Le 8 mars, l’Orchestre symphonique de Montréal annonçait le retrait du pianiste russe Alexander Malofeev de sa programmation, en raison des «graves répercussions sur la population civile de l’invasion de l’Ukraine par l’armée russe».
Quelques jours plus tôt, on avait appris que le Québécois Yannick Nézet-Séguin remplacerait Valery Gergiev, un chef d’orchestre proche du président russe Vladimir Poutine, dans une tournée américaine de cinq concerts de l’Orchestre philharmonique de Vienne.
Le 31 mars, le ministre du Patrimoine, Pablo Rodriguez, demandait aux organismes artistiques qui recevaient un financement fédéral de suspendre toutes leurs activités culturelles impliquant des Russes liés au régime du président Vladimir Poutine.
La répression par le régime des mollahs en Iran a aussi eu des échos dans le monde culturel, avec des gestes de solidarité pour Mahsa Amini, une jeune femme de 22 ans morte alors qu’elle était détenue par la police des moeurs pour avoir porté le voile de manière inappropriée.
Des actrices françaises, comme Isabelle Huppert, Marion Cotillard et Isabelle Adjani, se sont coupé des mèches en solidarité avec la lutte des femmes iraniennes.
Il y a aussi eu l’écrivain britannique Salman Rushdie, dont les écrits lui ont valu des menaces de mort de la part de l’Iran dans les années 1980, qui a été agressé alors qu’il s’apprêtait à donner une conférence, dans l’ouest de l’État de New York.
Le cinéaste et opposant politique Jafar Panahi a été mis en détention en juillet, peu après l’arrestation de deux autres réalisateurs accusés de «troubles à l’ordre public». M. Panahi, l’un des cinéastes iraniens les plus primés, avait été arrêté en 2010, puis condamné à six ans de prison et à 20 ans d’interdiction de réaliser des films.
En terminant, il est impossible de passer sous silence la triste annonce de Céline Dion à ses admirateurs. La chanteuse québécoise a confié en décembre être atteinte d’une maladie neurologique rare, le syndrome de la personne raide, ou syndrome de Moersch-Woltman.
Dans une vidéo transmise sur les réseaux sociaux, Céline Dion a signalé que cette maladie est la cause des spasmes musculaires qui la terrassent depuis un bon moment.

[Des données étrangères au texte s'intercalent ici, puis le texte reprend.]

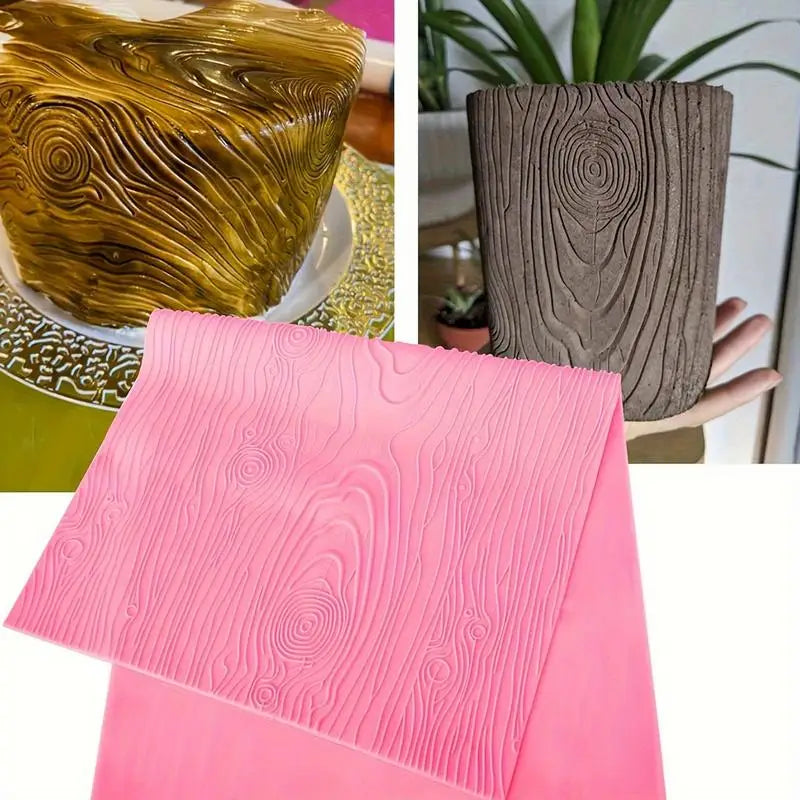 Silicone Wood Grain Fondant Impression Mat | Cake Lace Mold Cake Decorating Mold Babs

Elle a aussi dit qu’elle sera incapable de reprendre sa tournée au mois de février prochain, en Europe.
En janvier 2022, Céline Dion avait dû renoncer à offrir des spectacles en Amérique du Nord, alors qu’elle était soignée pour des «spasmes musculaires graves et persistants». Les mêmes problèmes de santé l’avaient également empêchée de se produire à Las Vegas en octobre 2021.